LSU (2-0) must convert more from the inside the arc, where it missed too many layups and dunks against Arkansas State last Saturday in a 61-52 win, coach Matt McMahon said.
McMahon also wants the unforced mental errors that are resulting in turnovers to stop.
LSU’s poor shooting from close range, and excessive turnovers, have allowed LSU’s first two opponents, both of which had obviously inferior talent and depth compared to the Tigers, to hang around within striking distance late in game.
In both games, Arkansas State and Kansas City made a run to close the game, but LSU managed to win.
Arkansas State closed to within two points, inside the 10-minute mark of the game, but LSU was able to hold the Red Wolves scoreless for over seven minutes, while expanding the lead eventually to 13 points with three minutes to play.
It’s an early-season trend LSU would like to see end against UNO, McMahon said.
UNO (1-1) lost 89-53 at Butler in its last game after it opened its season with a 65-63 win over St. Francis of Illinois at Lakefront Arena.
Jordan Johnson and Khaleb Wilson-Rouse each scored 14 points to lead the Privateers in its win.. Mark Slessinger is in his 12th year as the head coach at UNO.
LSU leads the overall series against UNO, 12-4.

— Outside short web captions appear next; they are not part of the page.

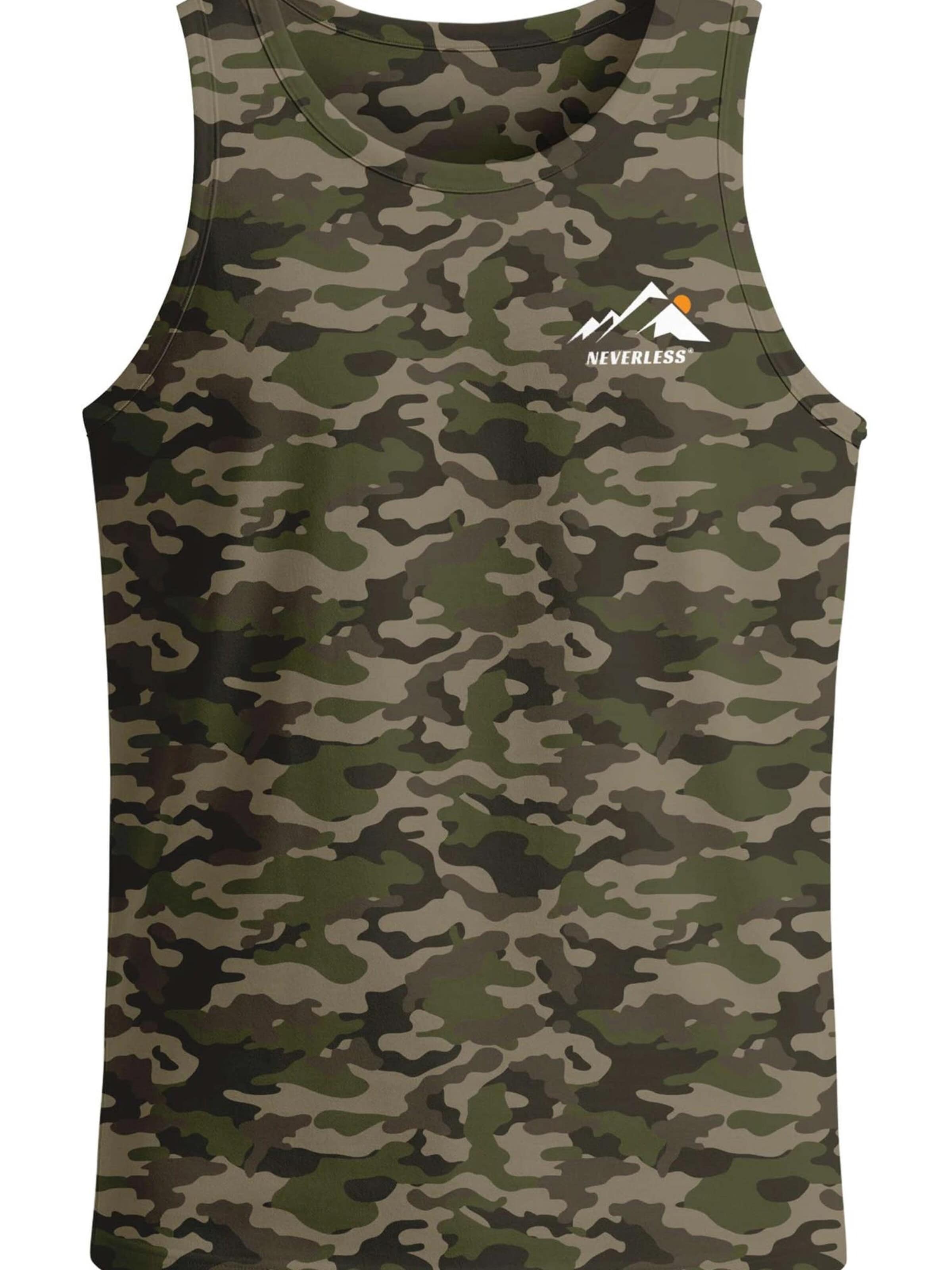 Neverless Shirt 'Minimalistic Mountain' in Green
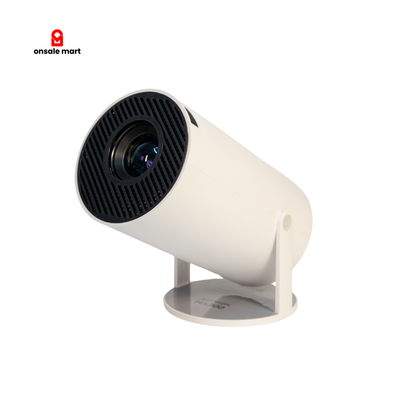 4K Smart Android LED Projector with Rotatable Stand & Remote Control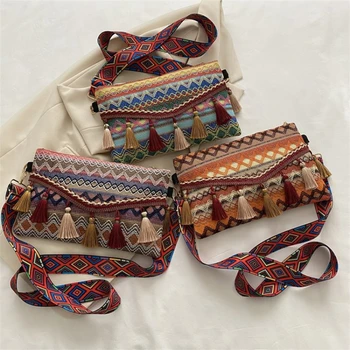Нова Реколта на Бохемската чанта през рамо с ресни, Женствена чанта с пискюли в стил Бохо, хипи, Циганин дамска чанта с ресни, Отворена чанта, чанти
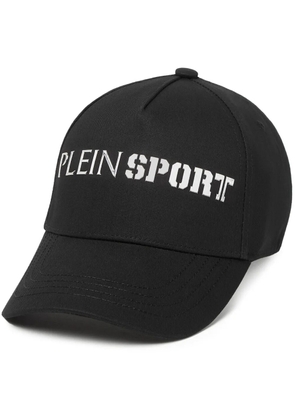 Plein Sport logo-print cotton baseball cap - Black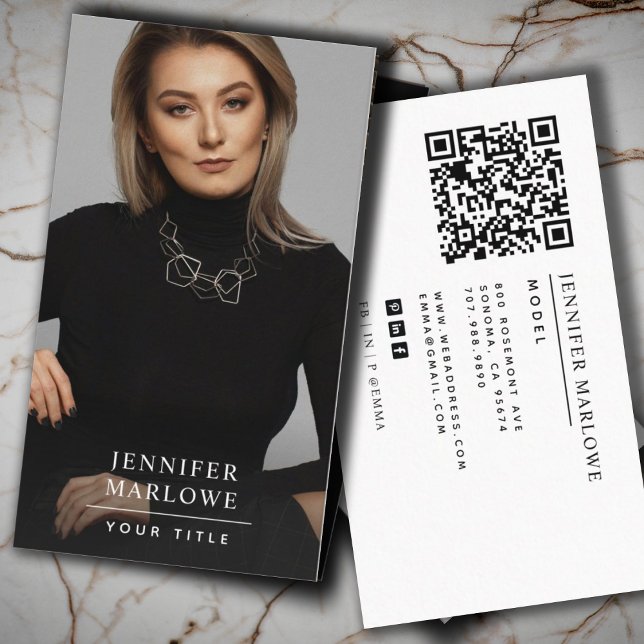 Carte De Visite Moderne Minimale Simple Photo QR Code Médias socia (Créateur téléchargé)
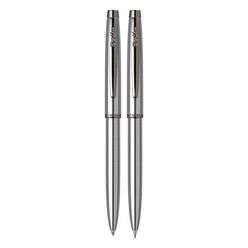 Scrikss - Scrikss 108M Prestige Tükenmez Kalem+Versatil Kalem 2 Li Set Paslanmaz Çelik Kristal Kutu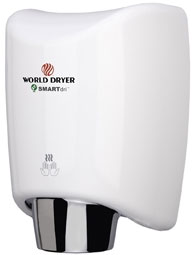 Example of the SmartDri commercial hand dryer, shown in white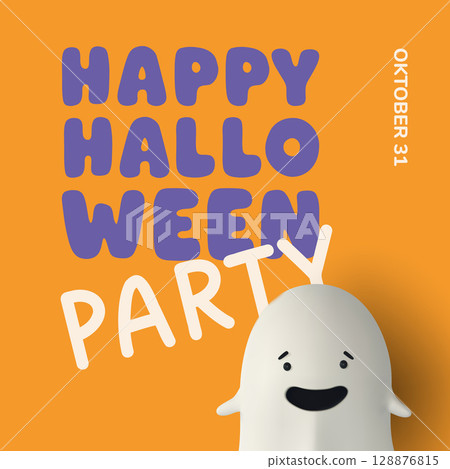 Cute Halloween party poster with 3D ghost and bold typography. Colorful orange background with playful letters and holiday text. Perfect for kids celebration, flyer, or party invitation. Vector 128876815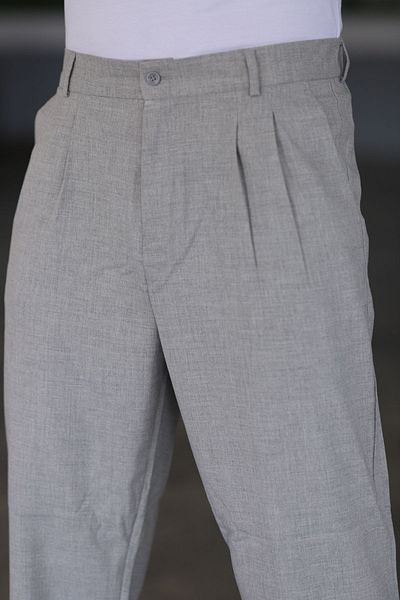 Mamlay Gray Baggy Pants - Double Pleated, Elastic Waist, Comfortable Fit, High Quality Loose Leg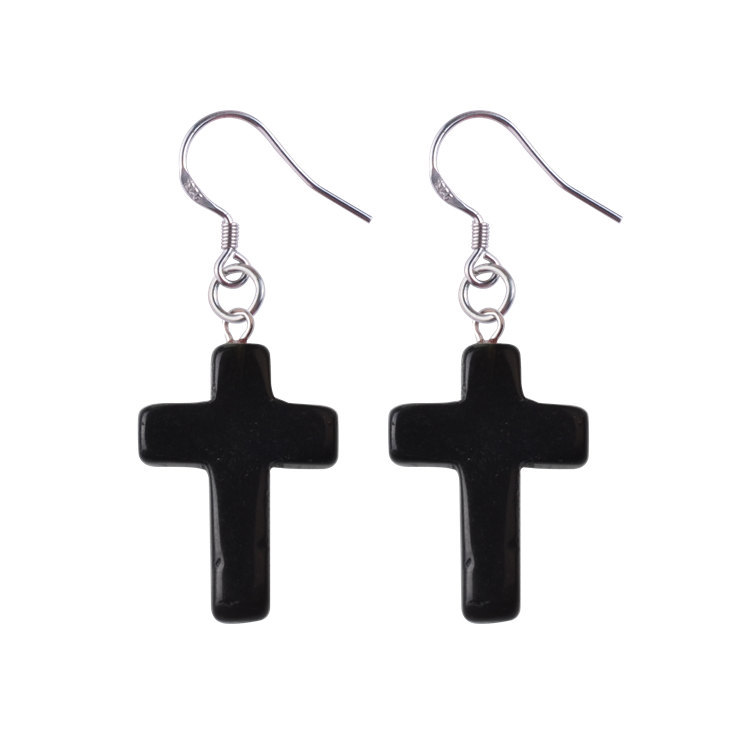 Natural Quartz Crystal Healing Gemstone Cross Pendant Earrings Pendulum Pendant Lucky Earrings Jewelry For Women Jewelry Making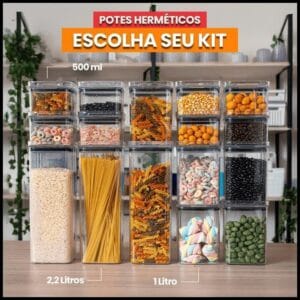Kit Potes Herméticos Porta Mantimentos Acrílico Empilháveis Quadrado Resistente Cozinha Dispensa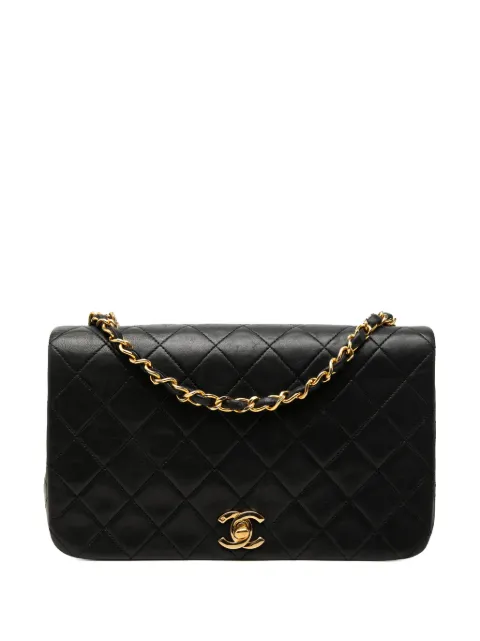 CHANEL Pre-Owned 1989-1991 CC Quilted Lambskin Full Single Flap crossbody bag Black ONFECGIS0R2NTMM2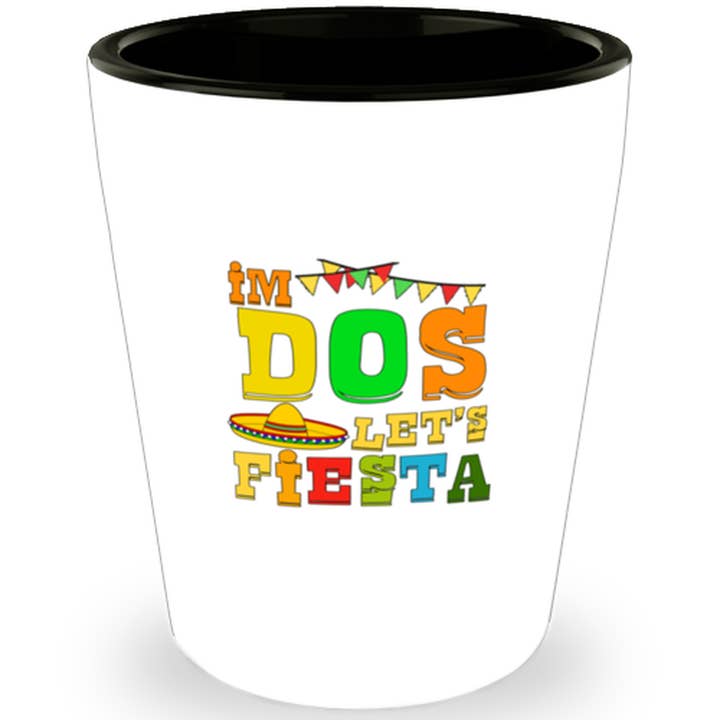 Teegarb LLC - Vente Verre à shooter - Shot Glass Tequila Party Funny I'm dos Let's Fiesta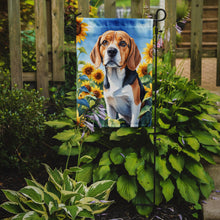 Load image into Gallery viewer, Beagle in Sunflowers Garden Flag – Bright Dog-Themed Yard Decor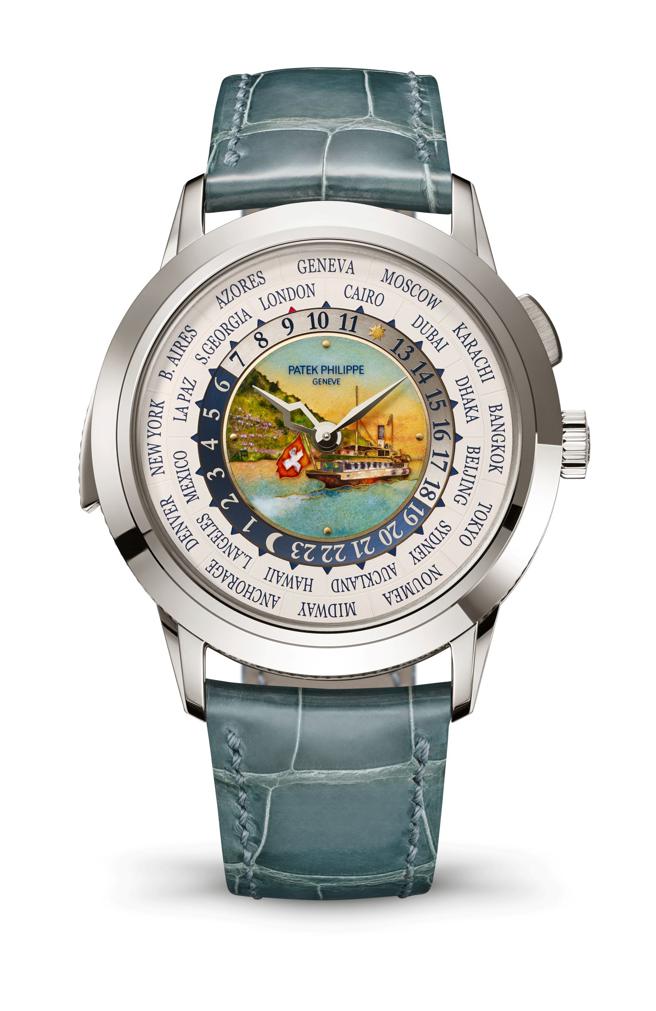 百达翡丽编号5531G-001世界时区三问表，是首款可时刻报上当地时间的三问时计，亦是首款世界时区三问白金腕表。(Patek Philippe提供)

LSU has 26 consecutive wins over Louisiana schools dating back to Nov. 2010 when LSU lost to Nicholls, 62-53.
Only three LSU players – Adam Miller, KJ Williams, and Justice Hill – scored field goals against Arkansas State last Saturday and coach McMahon blamed the teams overall lack of offensive production on missed “gimmees” – layups and dunks – that should have been converted to field goals but failed.
Miller is averaging 22 points per game, having made 8-of-18 three-pointers so far this season, while Williams is averaging 14 points and nine rebounds. Hill is scoring 12 points a game and averaging five assists.
Miller, LSU’s leading scorer with 28 points against Arkansas State and 18 against Kansas City, has shot well from both inside and outside but overall the Tigers are missing out elsewhere early in the season.
“The 3-point efficiency has been very good; our 3-point shot selection has been very good,” McMahon said Tuesday. “But when you look at the two-point percentage, it’s poor — and it has to get better.”
LSU made 12 of 21 two-point field goal attempts against Kansas City and was 9 of 22 against Arkansas State.
“The first game, it was more of a shot-selection issue,” McMahon said, “too many contested mid-range shots, runners, floaters, high-degree-of-difficulty shots.
“In the second game, we just failed to finish plays. We got the ball to the rim, we counted on video 12 opportunities at the rim. Some of them were challenged or contested, but those are plays we have to finish. I think you’ll see improvement there as we move forward … there has to be.”